* [WHAT NEEDS TO BE DONE]: The answer must consist solely of the lines from the one containing "Toy Dollhouse Mini" through the last line of the records, set down exactly and without any pictures.

* [MATERIAL FOR THIS TASK]:
+--
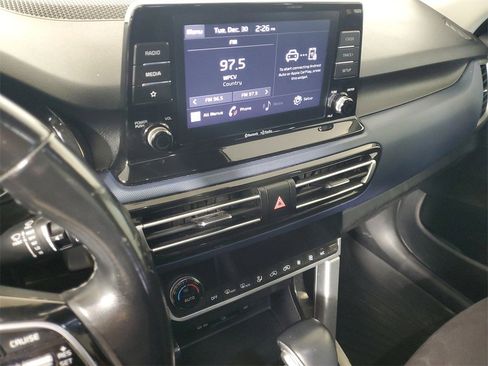 Used 2023 Kia Seltos S image 18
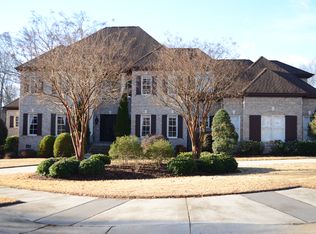 2508 Victoria Park Ln, Raleigh, NC 27614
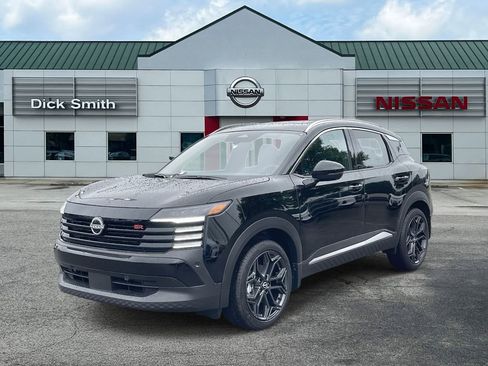 New 2025 Nissan Kicks SR w/ SR Premium Package image 3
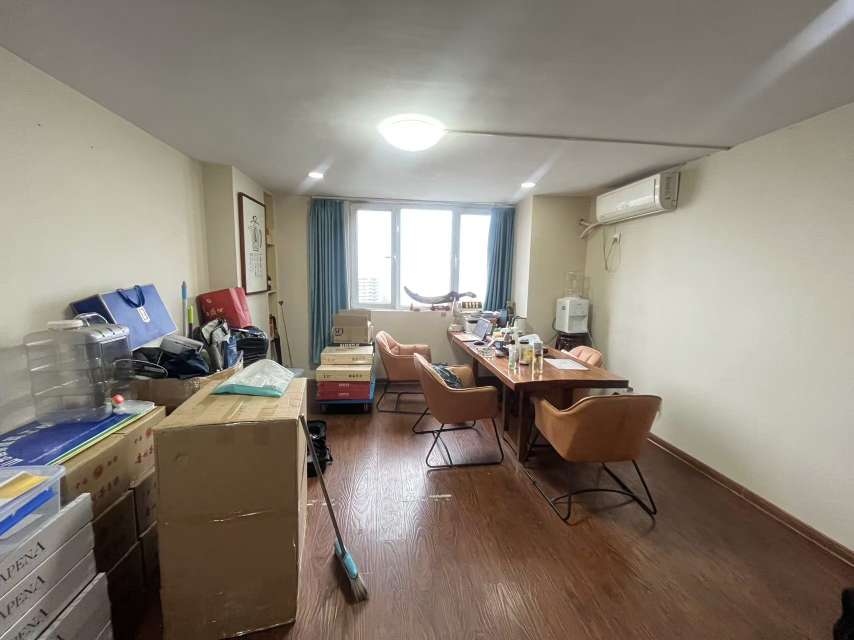 绿地泉景雅园商务大厦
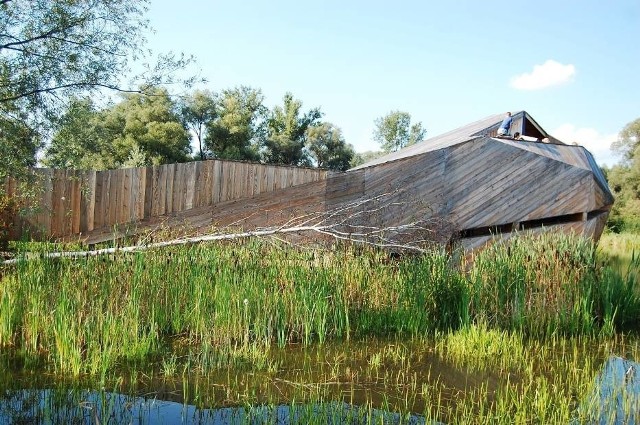 Enklawa przyrodnicza bobrowisko w Starym Sączu cieszy się zainteresowaniem nie mieszkańców i turystów - obiekt nie raz został doceniony w konkursach architektonicznych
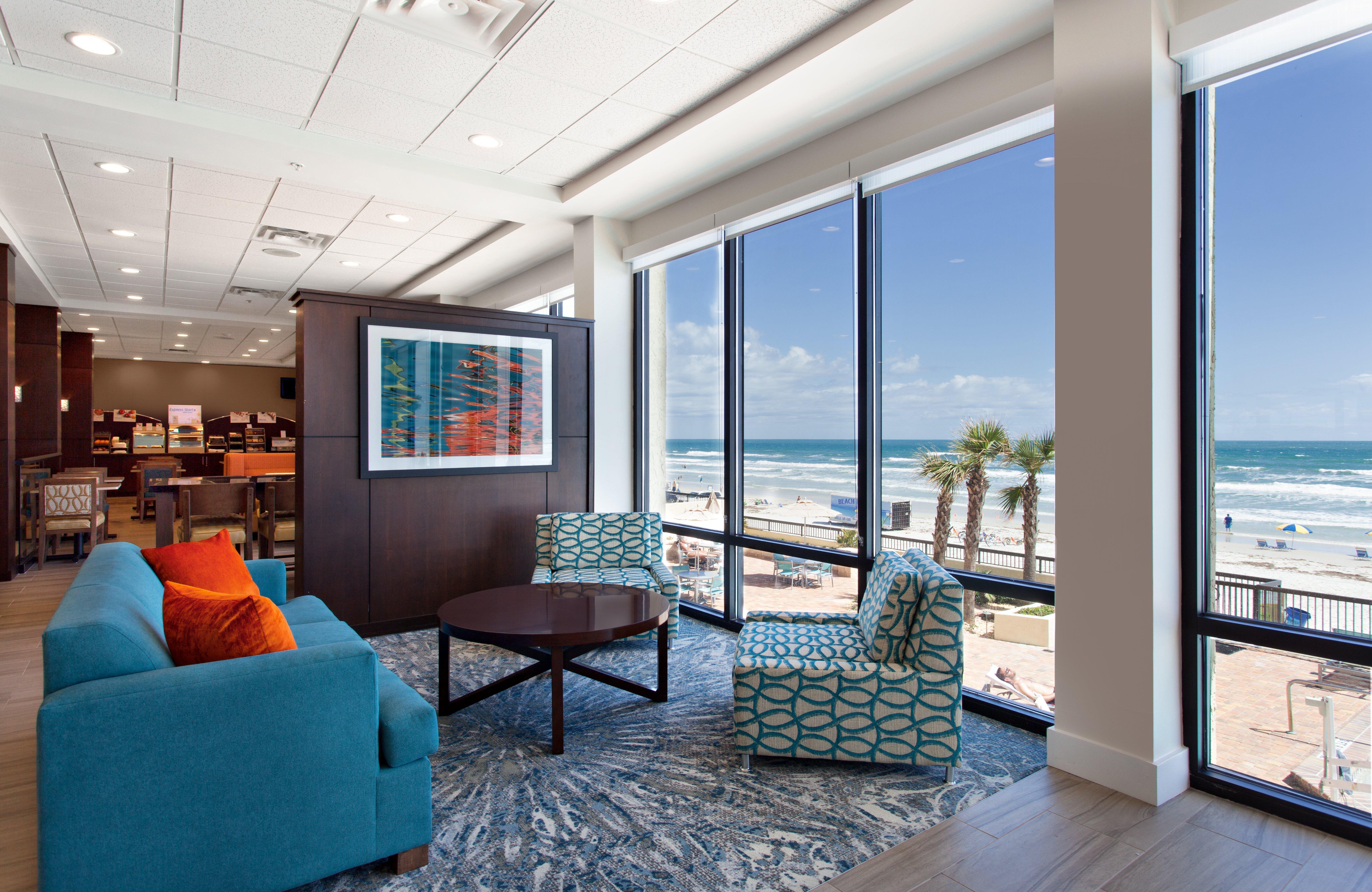 Holiday Inn Express & Suites Oceanfront Daytona Beach Shores By Ihg Экстерьер фото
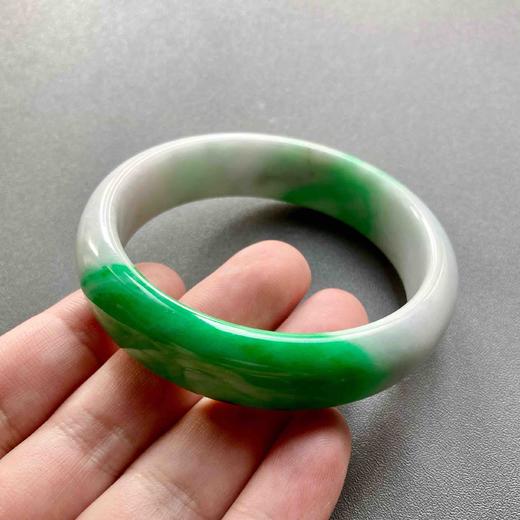糯种阳绿辣色翡翠手镯56 商品图6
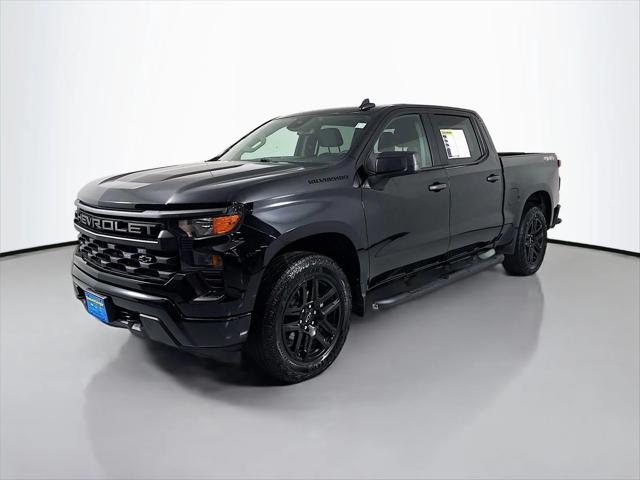2022 Chevrolet Silverado 1500 4WD Crew Cab Short Bed Custom 2022 Chevrolet Silverado 1500 4WD Crew Cab Short Bed Custom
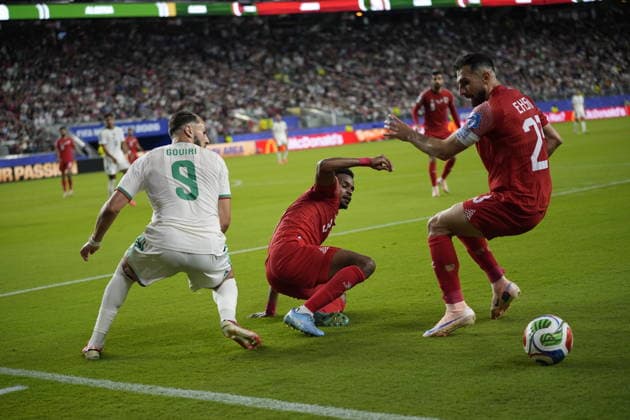 Jordan v Algeria - FIFA World Cup, WM, Weltmeisterschaft, Fussball 2026 - Group J SANTA CLARA, UNITED STATES - JUNE 22: Ehsan Haddad (23) of Jordan in action against Gouiri of Algeria during the 2026 FIFA World Cup First Stage Group J match between Jordan and Algeria at Levi s Stadium (San Francisco Bay Area Stadium) in Santa Clara, California, United States on June 22, 2026. Tayfun Coskun Anadolu California United States. Editorial use only. Please get in touch for any other usage.  Copyright: x2026xAnadoluxTayfunxCoskunx
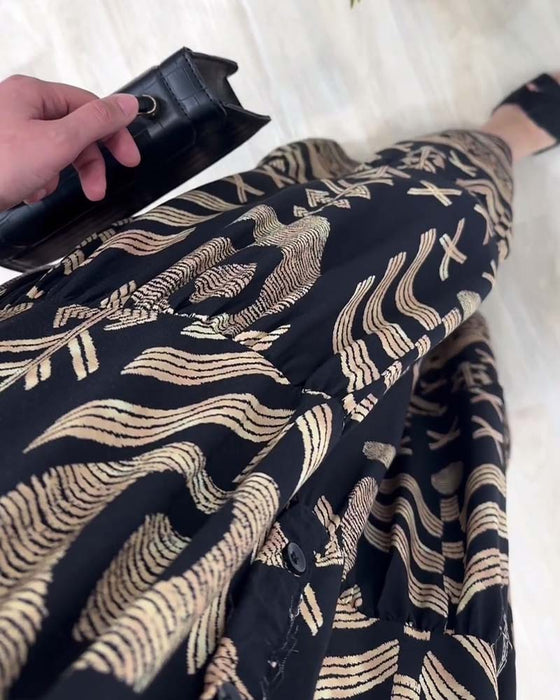 Sukienka z długimi rękawami i dekoltem w kształcie litery V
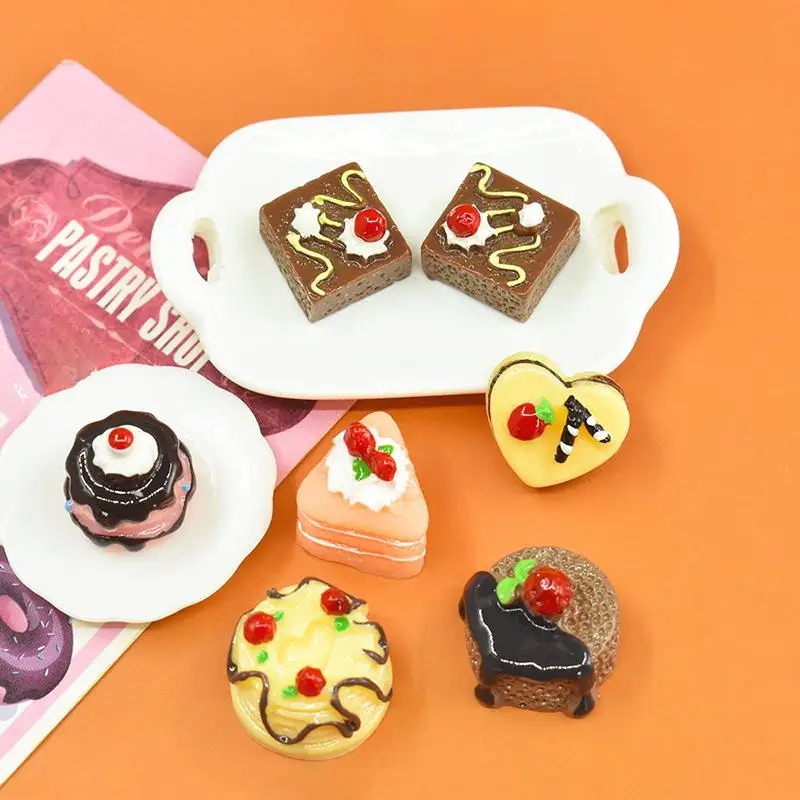 Toy Dollhouse Mini Cakes 6pcs Set for Realistic Bakery Play and Room Decoration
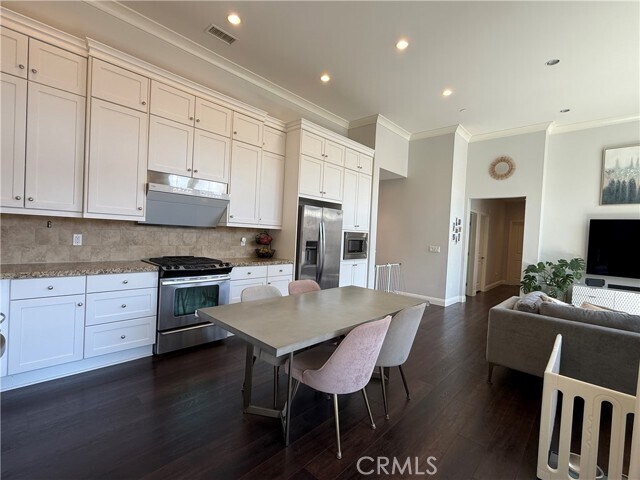Building Photo - 93 Thornhurst
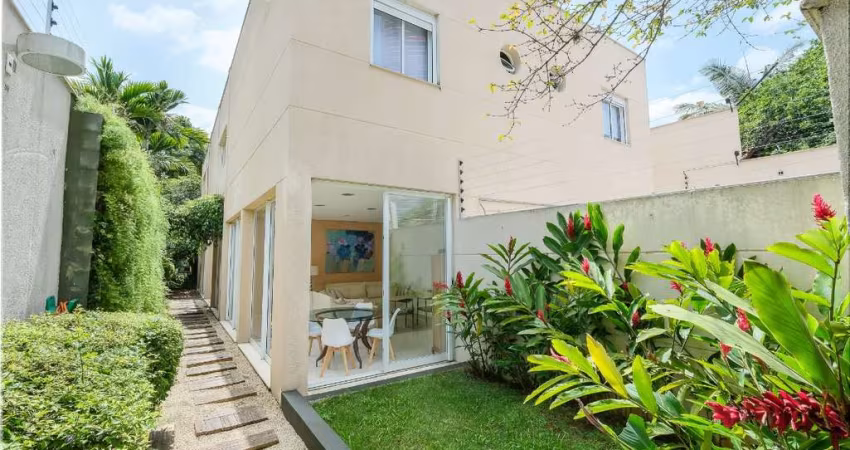 Casa tipo para venda com 3 quartos, sendo 3 suítes, 480m²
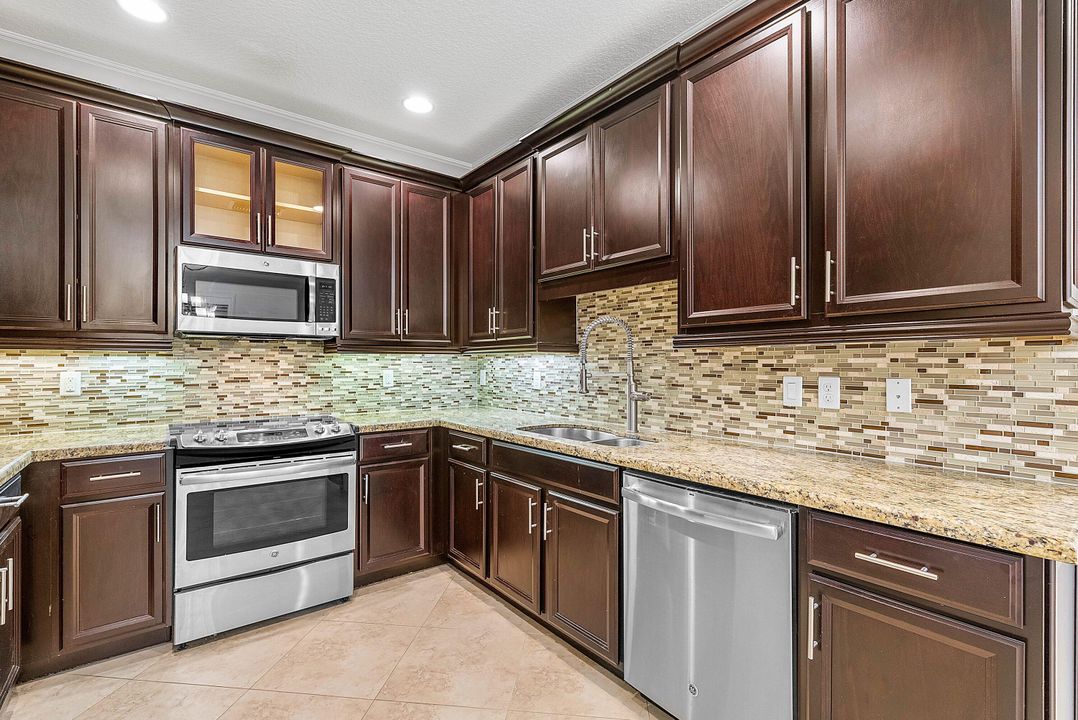 合同活跃: $625,000 (4 贝兹, 2 浴室, 1805 平方英尺)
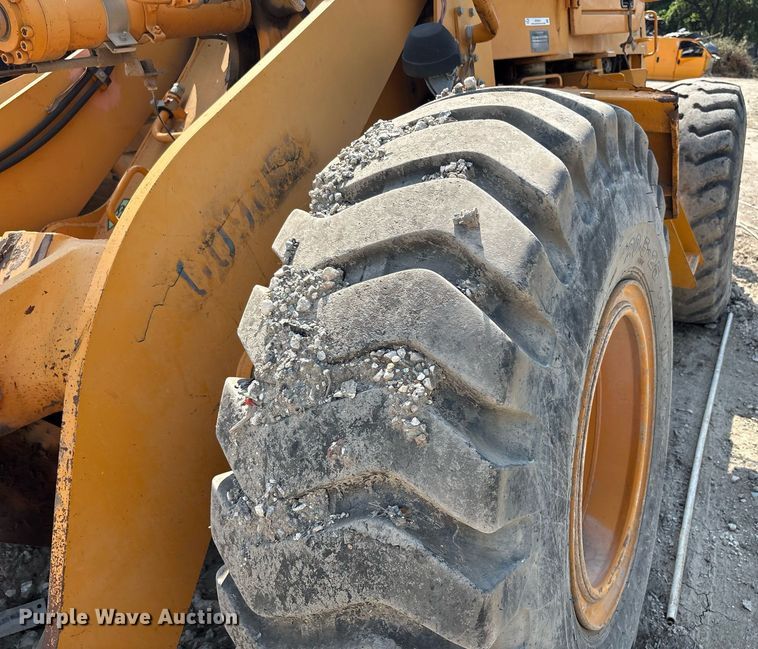 image for item DY2521 2001 Hyundai HL740-3 wheel loader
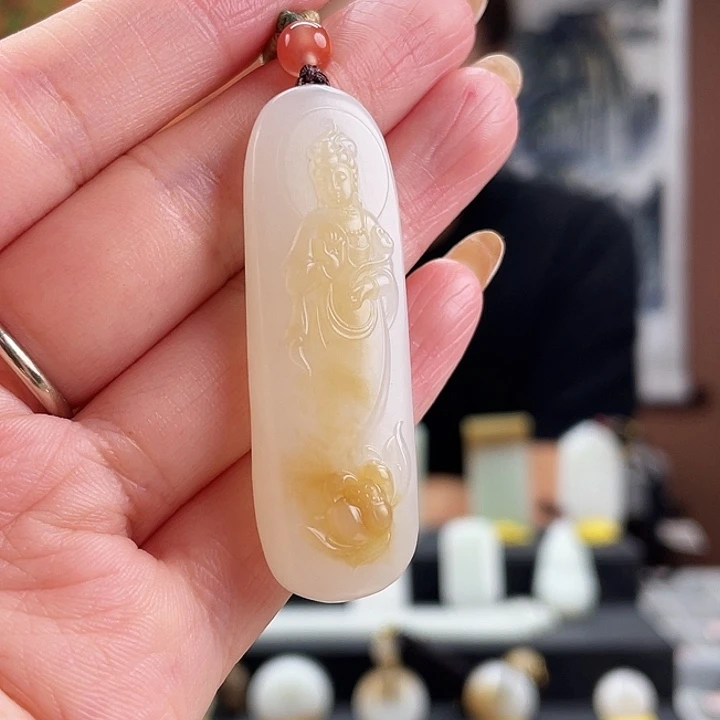 颈饰未镶嵌和田玉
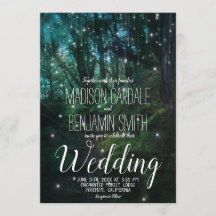 Bosbomen met gevleugelde gevechtsgevels bruiloft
+--
* [OUTPUT FOR THIS EXERCISE]:
 Toy Dollhouse Mini Cakes 6pcs Set for Realistic Bakery Play and Room Decoration
Building Photo - 93 Thornhurst
 Casa tipo para venda com 3 quartos, sendo 3 suítes, 480m²
 合同活跃: $625,000 (4 贝兹, 2 浴室, 1805 平方英尺)
 image for item DY2521 2001 Hyundai HL740-3 wheel loader
 颈饰未镶嵌和田玉
 Bosbomen met gevleugelde gevechtsgevels bruiloft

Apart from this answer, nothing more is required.